Collected data entries:
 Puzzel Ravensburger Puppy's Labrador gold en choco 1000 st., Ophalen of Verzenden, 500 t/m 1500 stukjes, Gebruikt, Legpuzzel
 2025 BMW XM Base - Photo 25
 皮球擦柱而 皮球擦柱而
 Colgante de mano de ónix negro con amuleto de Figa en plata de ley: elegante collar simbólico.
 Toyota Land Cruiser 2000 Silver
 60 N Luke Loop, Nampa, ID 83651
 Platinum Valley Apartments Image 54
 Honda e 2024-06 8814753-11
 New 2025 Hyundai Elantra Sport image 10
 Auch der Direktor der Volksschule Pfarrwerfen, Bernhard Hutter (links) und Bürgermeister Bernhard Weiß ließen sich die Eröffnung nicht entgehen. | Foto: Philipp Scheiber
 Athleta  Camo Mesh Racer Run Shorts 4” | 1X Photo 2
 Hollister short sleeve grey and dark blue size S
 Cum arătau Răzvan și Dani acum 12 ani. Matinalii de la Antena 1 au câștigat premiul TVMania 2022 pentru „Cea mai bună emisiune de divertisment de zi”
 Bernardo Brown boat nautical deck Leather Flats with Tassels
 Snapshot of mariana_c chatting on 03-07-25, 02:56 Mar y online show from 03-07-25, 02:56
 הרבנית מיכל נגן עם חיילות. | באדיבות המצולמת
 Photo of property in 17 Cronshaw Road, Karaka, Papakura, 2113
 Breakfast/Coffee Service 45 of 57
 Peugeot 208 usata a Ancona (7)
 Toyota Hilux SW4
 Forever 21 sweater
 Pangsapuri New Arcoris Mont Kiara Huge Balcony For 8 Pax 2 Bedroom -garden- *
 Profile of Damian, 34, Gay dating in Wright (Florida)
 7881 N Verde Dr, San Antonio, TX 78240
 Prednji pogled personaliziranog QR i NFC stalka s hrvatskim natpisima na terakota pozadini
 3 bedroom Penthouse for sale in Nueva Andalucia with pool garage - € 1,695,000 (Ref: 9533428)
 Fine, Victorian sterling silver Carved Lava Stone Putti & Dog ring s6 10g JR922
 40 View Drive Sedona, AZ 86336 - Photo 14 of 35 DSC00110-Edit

BRIEF
Find the line with "3 bedroom Penthouse" in the data above. Restate it and all later lines word for word, ending with the last line.

THE COMPLETED TASK
 3 bedroom Penthouse for sale in Nueva Andalucia with pool garage - € 1,695,000 (Ref: 9533428)
 Fine, Victorian sterling silver Carved Lava Stone Putti & Dog ring s6 10g JR922
 40 View Drive Sedona, AZ 86336 - Photo 14 of 35 DSC00110-Edit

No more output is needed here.